The key to precision shooting and ethical hunting is knowing the exact distance to your target, and there’s simply no alternative to a laser rangefinder to guide your shot no matter the landscape or distance. Happily, there’s a model that fits any budget and shooting style, though the shortcomings and attributes of laser rangefinders are often hard to parse based on marketing jargon or even external design.

In order to learn their capabilities, you have to test them in the real world, where you’ll use them. That’s what I did.
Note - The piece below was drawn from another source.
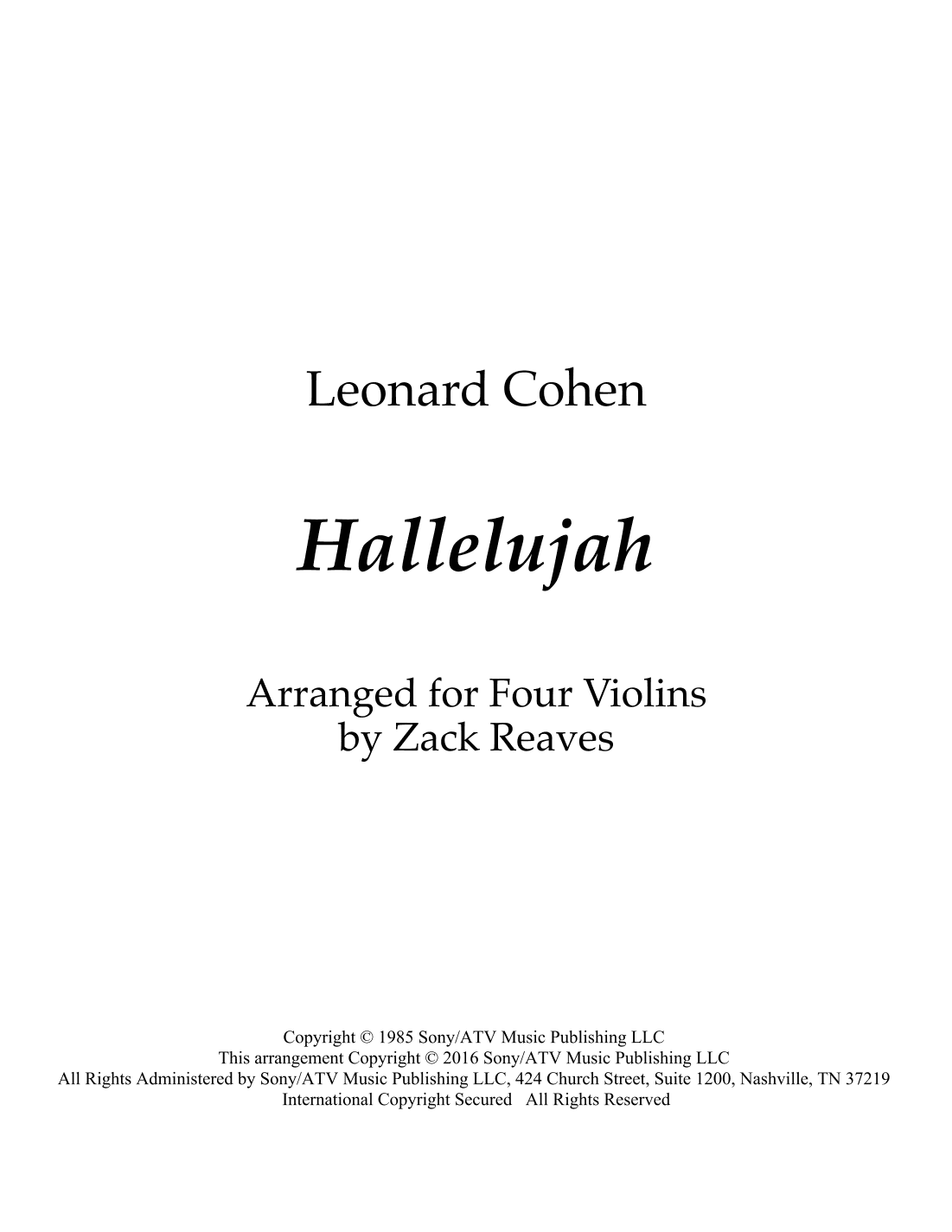 Hallelujah (arr. Zack Reaves)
I tested the best rangefinders in a variety of terrains, shooting situations, and light conditions in the hopes this review guides both your purchasing decisions and your bullet.

How to Choose A Laser Rangefinder

The market is chock full of rangefinders with attributes designed for nearly every sort of shooting or hunting discipline. Want a rangefinder that will help you place your handloaded bullet on targets out to two miles and beyond? There’s a rangefinder for that. Or maybe you want a unit that will help you lob an arrow over a limb at 30 yards. There’s a rangefinder for that. There are also units that cover the basic needs of mid-distance shooters and hunters. So your first job is studying up on what units fit your particular needs.

Second, take a hard look at prices. Many entry-level rangefinders are available for under $150, but make sure these have good warranties on not only the optics but also the electronics that power the laser and computing software. Generally, you get what you pay for when it comes to these devices, and that el cheapo rangefinder may not last a second season. On the other hand, if you intend to only range targets in good light conditions inside 500 yards or so, a bare-bones unit may be all you need.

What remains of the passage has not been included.